KiwiSaver turns two
New Zealand’s KiwiSaver scheme turns two on 1 July. According to its supporters it has been wildly successful; the numbers enrolling have certainly exceeded original estimates. I’ll look at how real that success has been shortly and also how the scheme might evolve over the longer-term, but firstly let’s look at some of the features of the scheme that make it mildly revolutionary.
While the automatic enrolment (opt-out rather than opt-in) feature has attracted international attention, the most revolutionary aspect of the scheme is probably the use of the IRD as the clearing house for most contributions. Some saw the IRD’s involvement as potentially disastrous given the complexity of the funds flows from employers, employees, the government, and between schemes as transfers occurred. And at times some providers might have agreed with that assessment.
When Australia brought in its compulsory Superannuation Guarantee scheme in 1992 it left it to providers to work out their own payment clearing system and some thought New Zealand was mad to rely on the IRD. But, they probably look with envy at how well the payments system now works for KiwiSaver.

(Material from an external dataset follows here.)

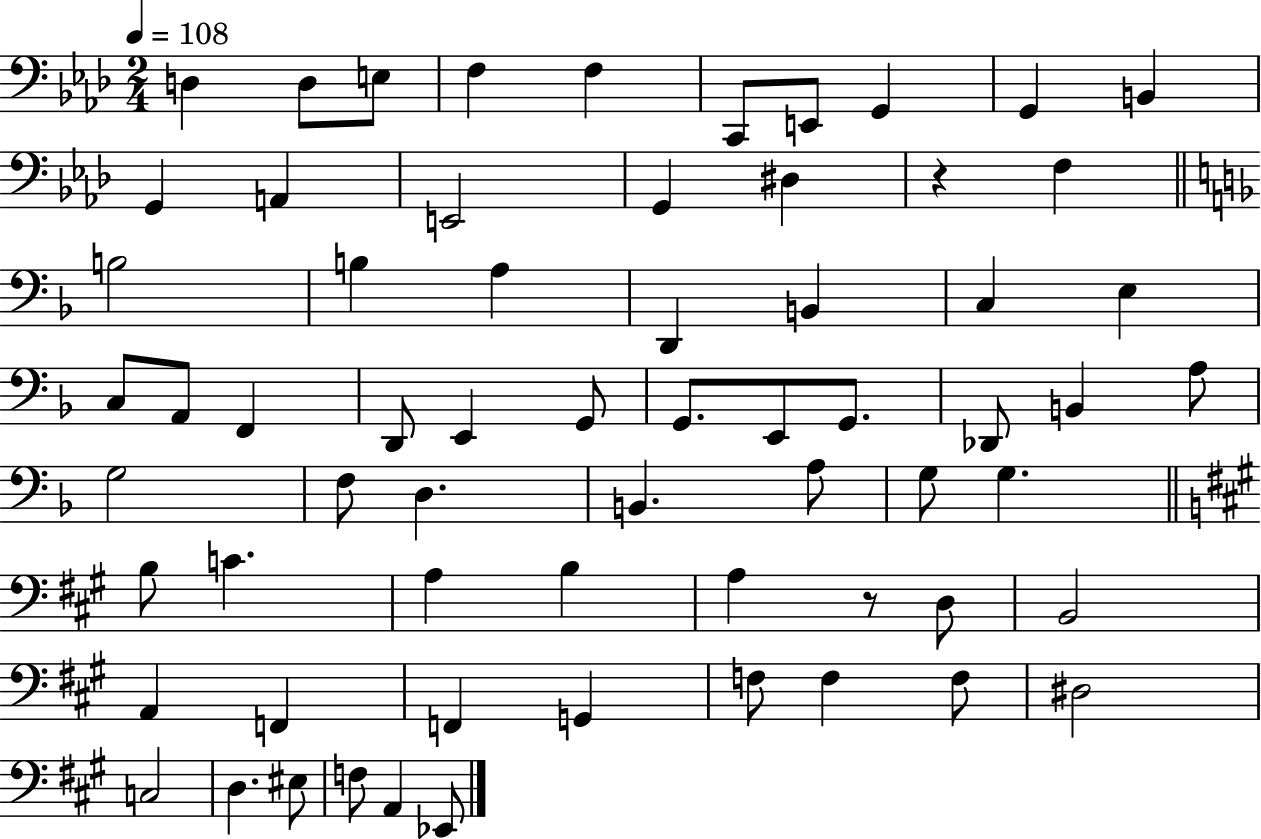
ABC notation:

The ability of KiwiSaver members to choose their own scheme and to transfer between schemes is also a bit novel. Traditionally, work-based savings schemes gave employees little scope to choose. Choice is a powerful and essential part of driving improvements in markets. And heaven knows the New Zealand savings industry is overdue an upgrade or two given we came dead last out of 16 countries in a recent Morningstar survey of funds management industries around the developed world.
Although the art of making fees complex and confusing so that people can’t easily compare them is alive and well in the KiwiSaver market, fees charged by providers are generally lower than for traditional retail funds management and unit trust products. So a tick here, but still plenty of scope for making fees simpler and more easily comparable.
Now let’s examine the so-called success of KiwiSaver. Yes the numbers are well ahead of what most anticipated when the KiwiSaver Act was first passed. But just before the scheme was launched Labour decided that it needed pepping up. Dr Cullen put KiwiSaver on steroids, and surprise, surprise it took off like a rocket. It’s a no brainer for those looking to save for their retirement. The government has contributed around 45% of the more than $3bn that has been poured into KiwiSaver accounts since July 2007.
But even with that sort of largesse there’s no clear evidence yet that it has led to an increase in savings. While there’s a host of new pressures on households to save as the recession plays out, what little we can tell from the net funds flow into the retail managed funds market since June 2007 points to a decline in funds under management. The funds flow data shows that Kiwis are changing where they save – no great surprise there, it was always going to be KiwiSaver’s major impact.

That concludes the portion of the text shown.